Task statement: Each line starting at the one that contains "Audi A4 40TFSI - Image 30" and ending at the one that contains "L'Égypte, Assouan, kiosque" must be returned exactly, and the rest of the listing is left out.

Provided records:
+++

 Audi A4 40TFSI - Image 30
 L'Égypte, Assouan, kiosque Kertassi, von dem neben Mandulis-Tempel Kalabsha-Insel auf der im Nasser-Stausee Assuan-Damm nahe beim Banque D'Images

+++

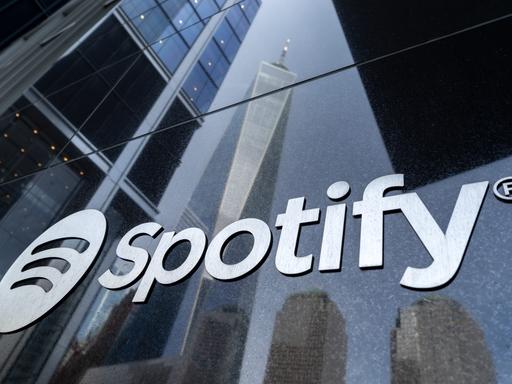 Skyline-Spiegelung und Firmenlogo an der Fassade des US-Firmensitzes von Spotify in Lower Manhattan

+++

Worked solution:
 Audi A4 40TFSI - Image 30
 L'Égypte, Assouan, kiosque Kertassi, von dem neben Mandulis-Tempel Kalabsha-Insel auf der im Nasser-Stausee Assuan-Damm nahe beim Banque D'Images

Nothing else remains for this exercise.